Temporomandibular joint (TMJ) disorders are prevalent, primarily due to the complex structure of the joint. This joint connects your jaw to the sides of your skull, and it facilitates the various movements of your lower jaw, allowing you to eat, talk, yawn, sing, etc.

It is estimated that at least five percent of the population suffers from TMJ complications at least once in their lifetime. With that said, here’s a look at some of the common complications of the TMJ that you need to be aware of.

Chronic Pain

Pain is usually the first sign that you have a problem with your temporomandibular joint. Dysfunction of the TMJ can result in various types of discomfort, including:

  • Headaches
  • Toothaches
  • Facial pain

This pain may also affect your neck, ears, and shoulders. Many people with a dysfunctional TMJ struggle with chronic pain. They have to endure debilitating pain virtually every day.

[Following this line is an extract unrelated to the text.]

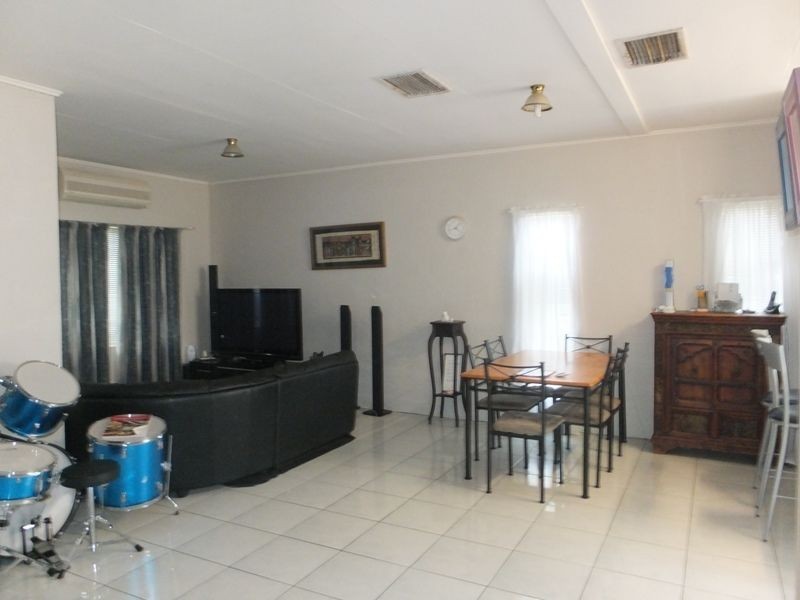 15 Fifteenth Avenue, Mount Isa QLD 4825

In case you have chronic pain as a result of TMJ disorder, the disorder must be treated to eliminate the pain completely.

Muscle Problems

Several issues can result in tightness and discomfort of the muscles responsible for your jaw movements. These issues include:

  • Teeth clenching and grinding
  • Neck or head injuries
  • Opening your jaw too widely
  • Sleep disorders
  • Emotional stress

There are several ways to deal with muscle complications, including:

  • Avoiding opening your mouth too wide
  • Wearing a mouth guard to protect your teeth from the effects of clenching and grinding
  • Eating soft foods to ease the pressure on your jaws and help them recover
  • Physical therapy
  • Stress management
  • Use of muscle-relaxants

Sometimes all you might need is over-the-counter pain relievers to relieve your pain. 

Dental Complications

When you have TMJ disorder, you’ll generally alter your bite, consequently placing your teeth and jaw in an abnormal position. This can lead to additional stress on your teeth when you’re biting something. It may also result in orthodontic complications and bruxism.

Over time, the stress that TMJ disorder exerts on your teeth will make you have thinner, weaker enamel. Consequently, your risk of developing dental complications like tooth decay and infection will increase significantly.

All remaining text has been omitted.